## Task
With the pictures omitted, print exactly the lines below, from the one containing "<Figure size 800x600 with 1 Axes>" through the one containing "構造が変わることで値下げ以外の選択肢が残ります。のイメージ", and nothing else.

## Information given
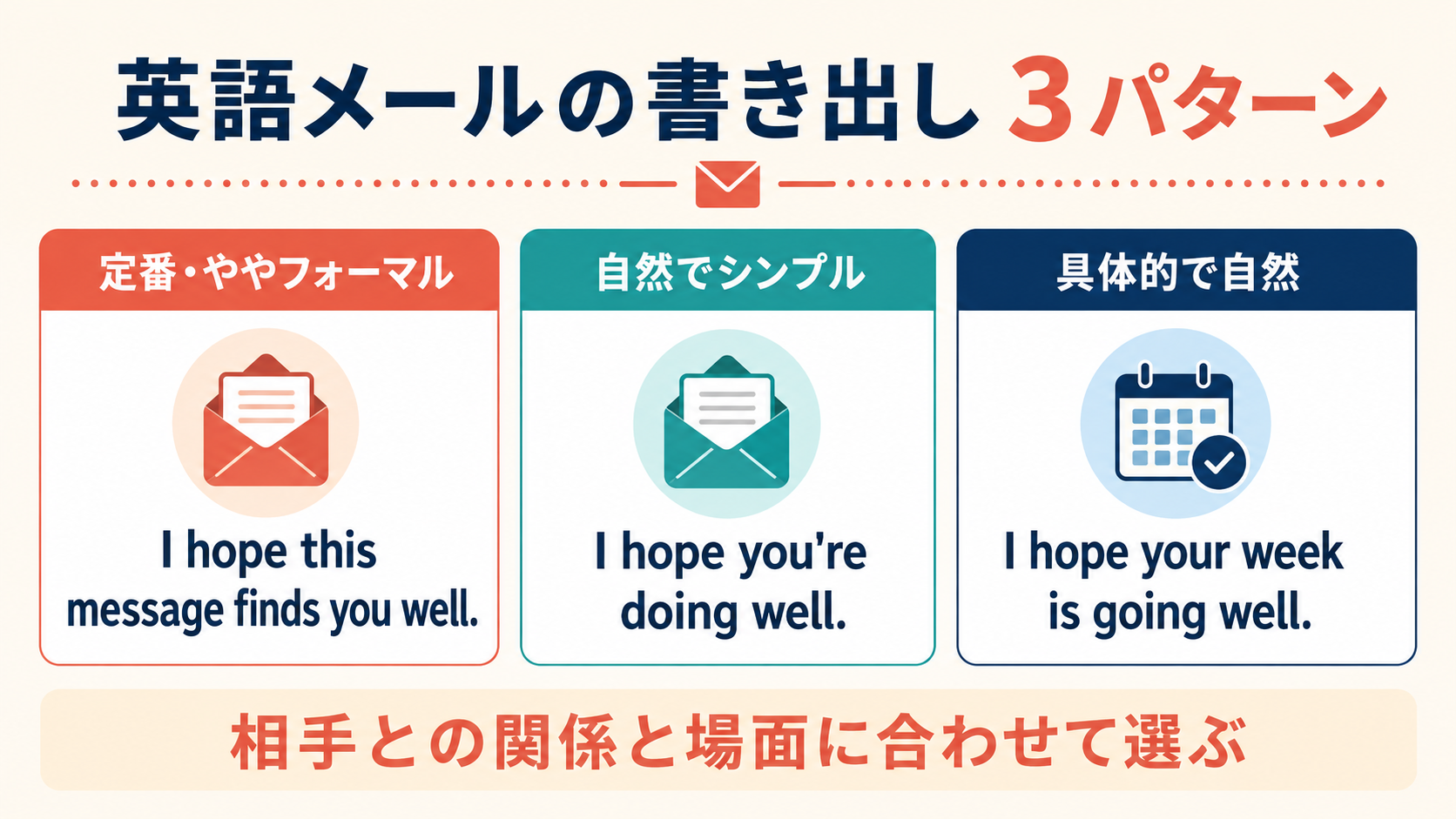英語メールの書き出し｜定番・シンプル・具体的な表現の比較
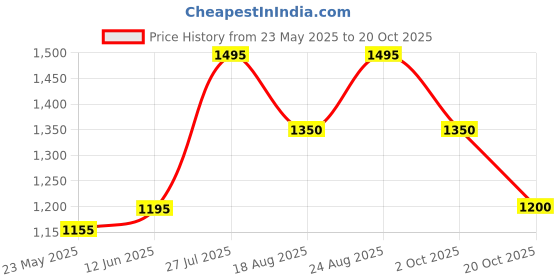 tatacliq.com adidas Purple Plain Sports Shorts adidas Price History Graph from 23 May 2025 to 20 Oct 2025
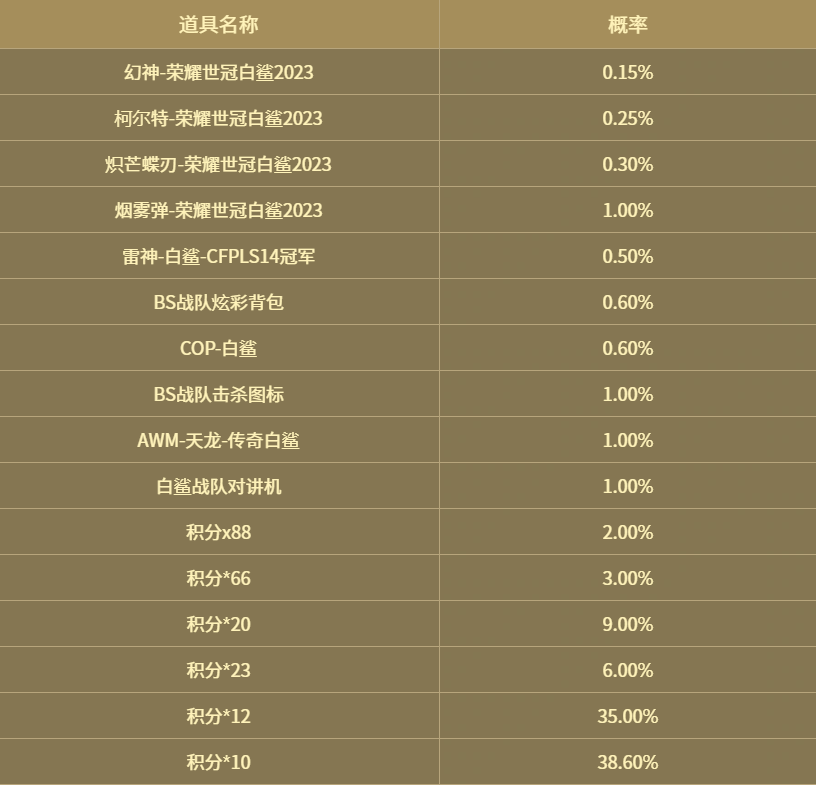 穿越火線白鯊2023皮膚保底多少錢?約2300元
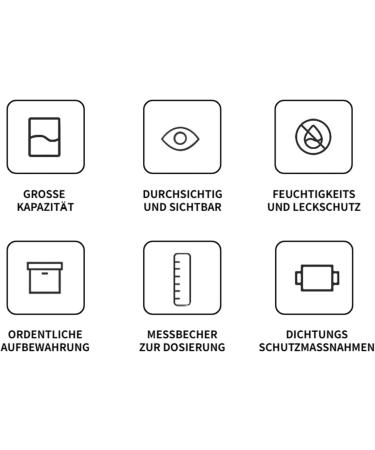 Refillable Detergent Dispenser | Laundry Soap Dispenser | Washing Powder Dispenser Detergent Storage Container Liquid Laundry Detergent Dispenser For Washing Powder And Liquid Detergent - Buy Online on GoSupps.com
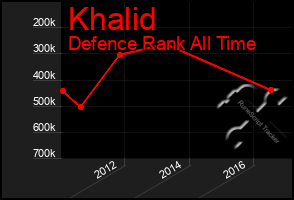 Total Graph of Khalid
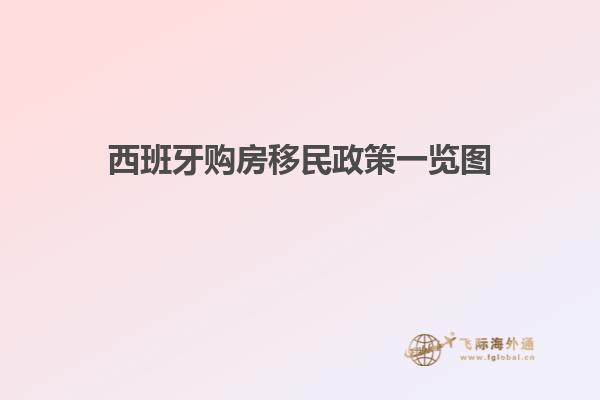 西班牙购房移民政策一览图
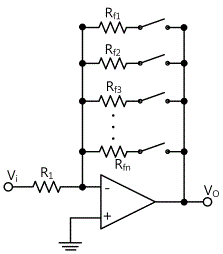 fig8-3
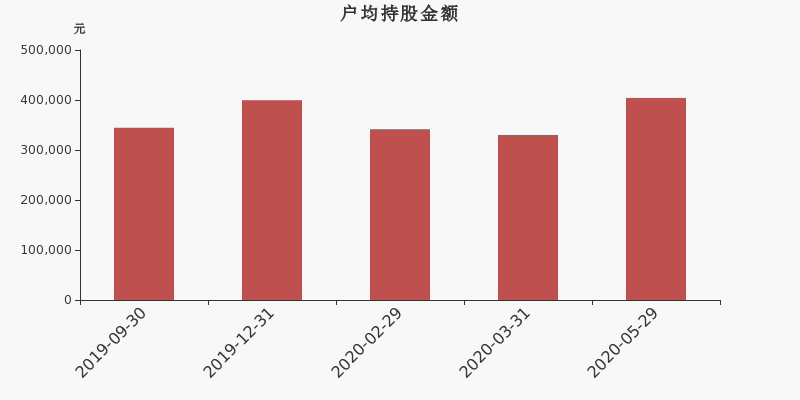 流通市值,户均持股,流通股本,总股本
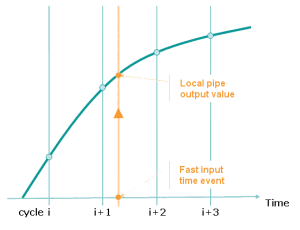 Trigger Extrapolates Output Value Based on Fast Input Timestamp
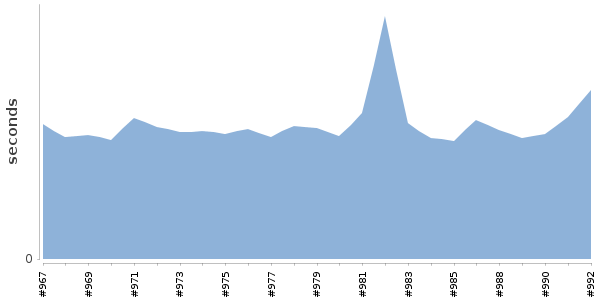 [Duration graph]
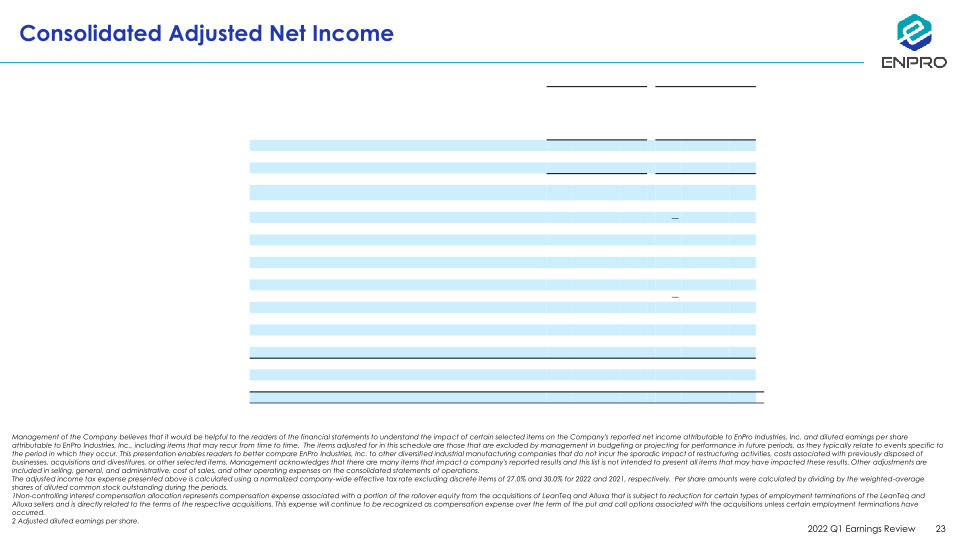 Enpro First Quarter 2022 Earnings Review slide image #24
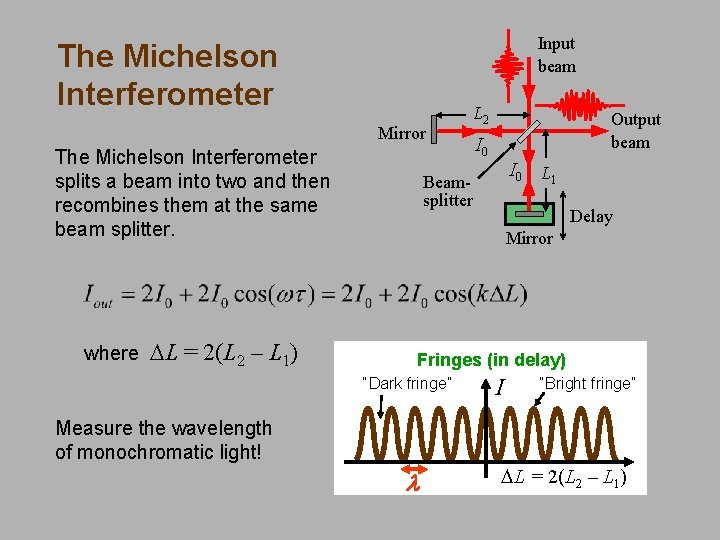 Input beam The Michelson Interferometer Mirror The Michelson Interferometer splits a beam into two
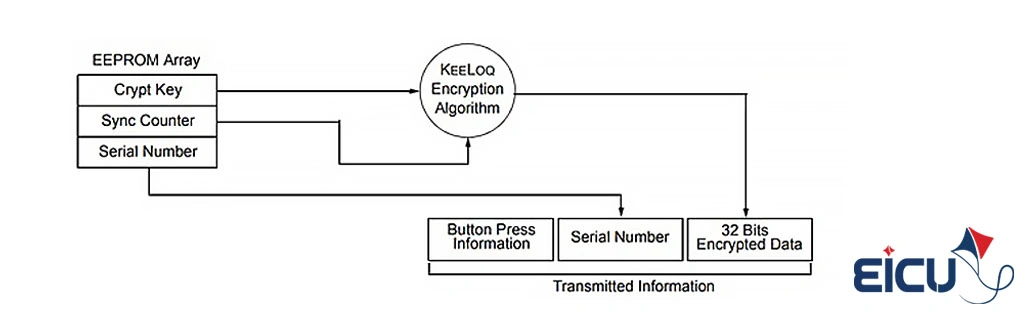 KeeLoq rolling code transmission structure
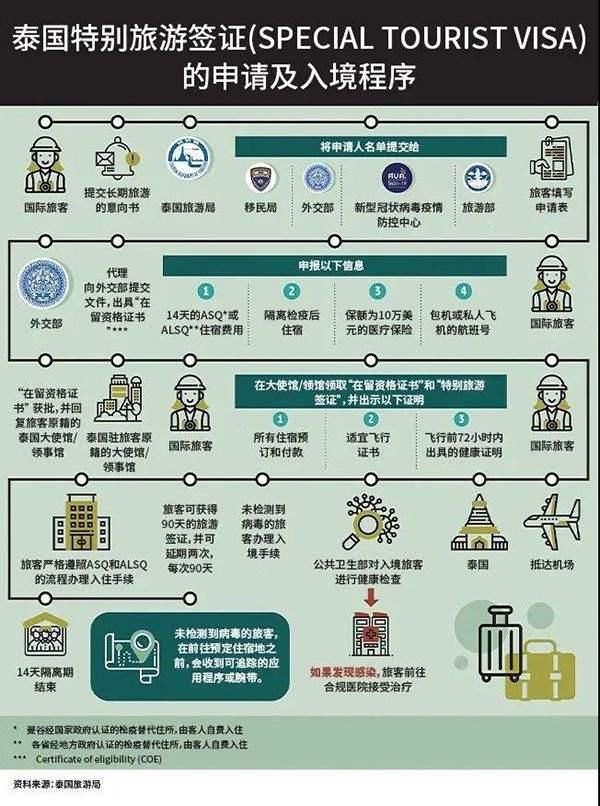 特别旅游签|久违的泰国旅游签价格翻175倍，相当于一趟欧洲旅游，你会去吗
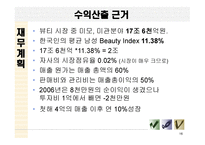 Total Expert Grooming Site For Man 사업 계획서 -16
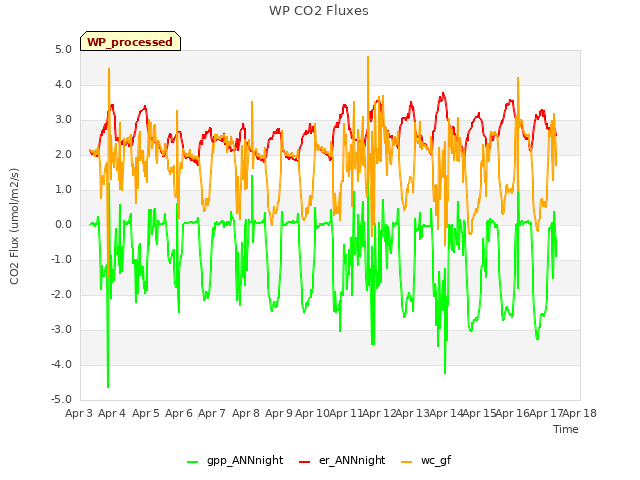 plot of WP CO2 Fluxes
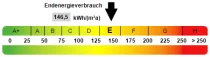 Kennwert Energieausweis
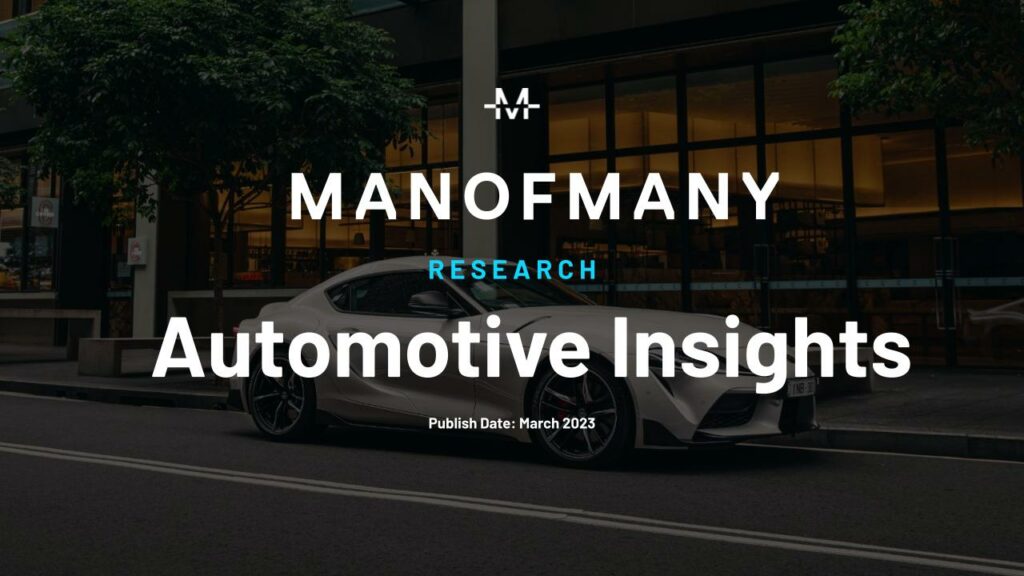 Man of Many Research Automotive Insights text overlay on an auto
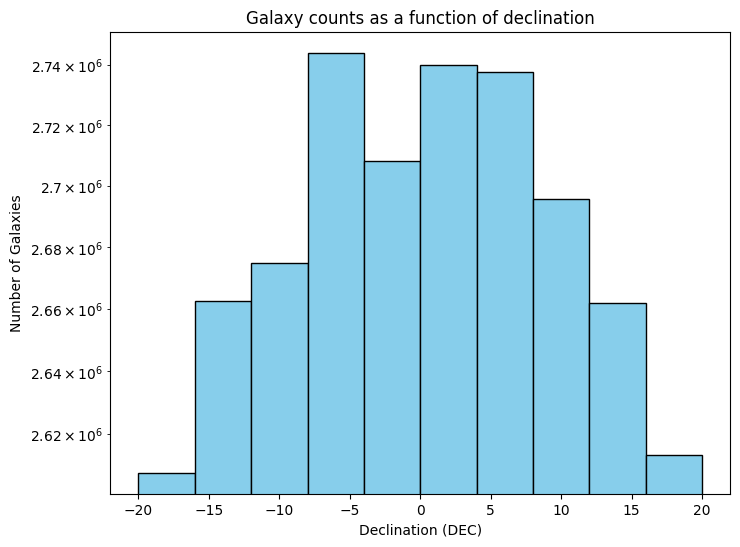 <Figure size 800x600 with 1 Axes>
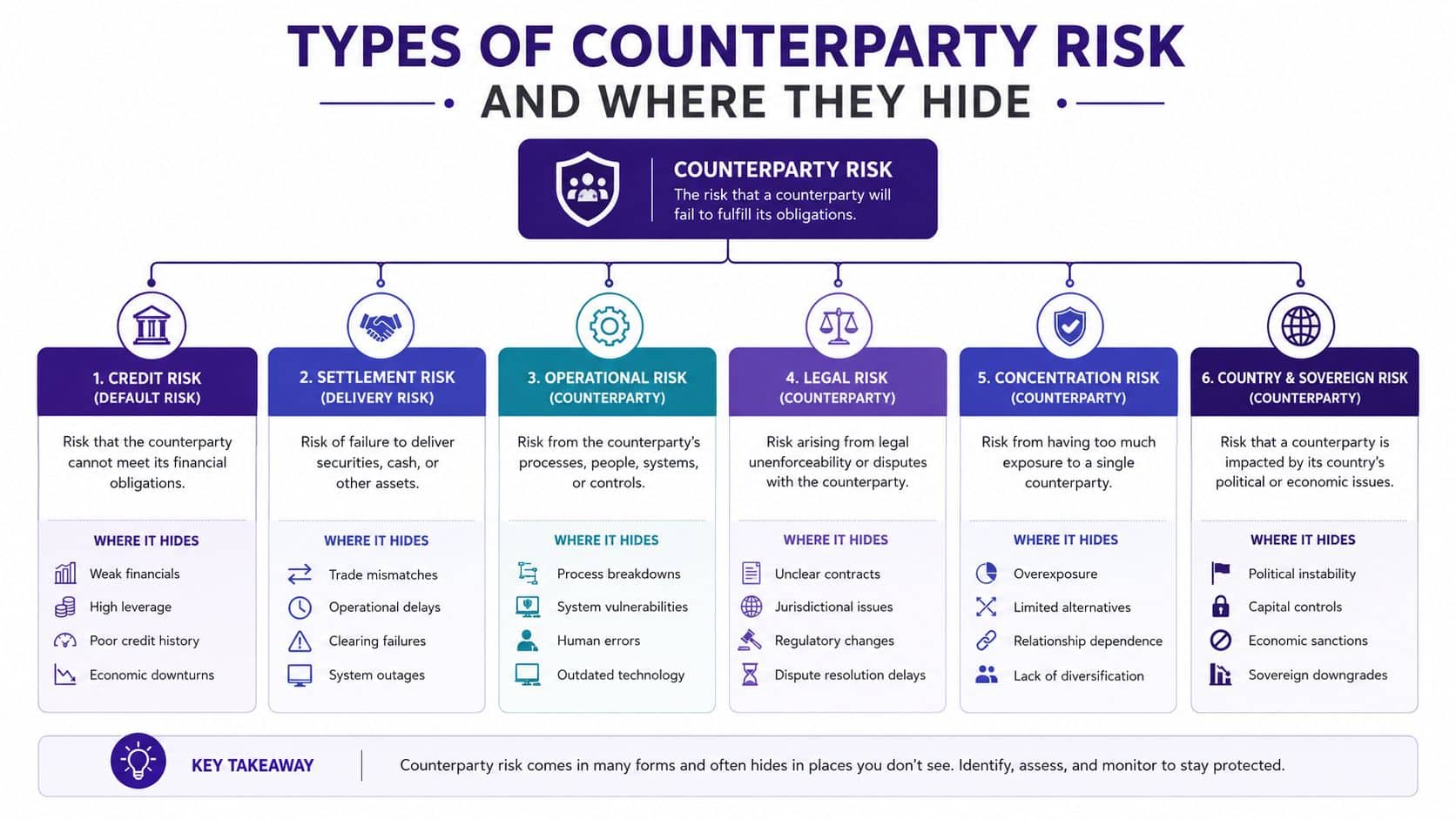 An infographic showing the six types of counterparty risk and where each type typically hides.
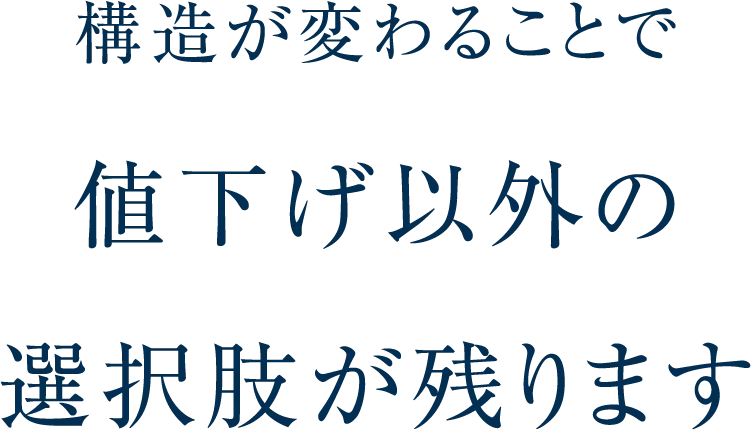 構造が変わることで値下げ以外の選択肢が残ります。のイメージ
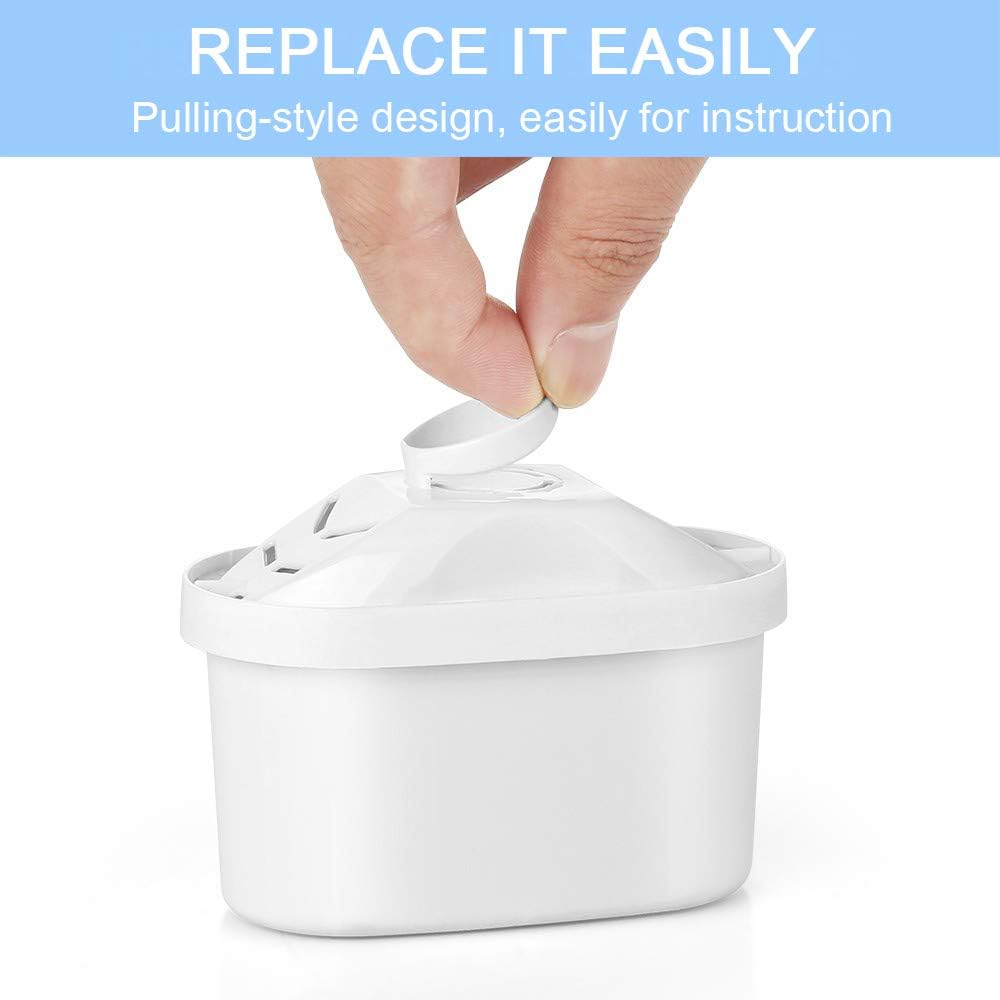 2-Pack Water Filter Replacement Cartridges for Aozora Dragonn Mavea Lake Industries Areally Water Filtration Pitcher: Kitchen & Dining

## Result below
 <Figure size 800x600 with 1 Axes>
 An infographic showing the six types of counterparty risk and where each type typically hides.
 構造が変わることで値下げ以外の選択肢が残ります。のイメージ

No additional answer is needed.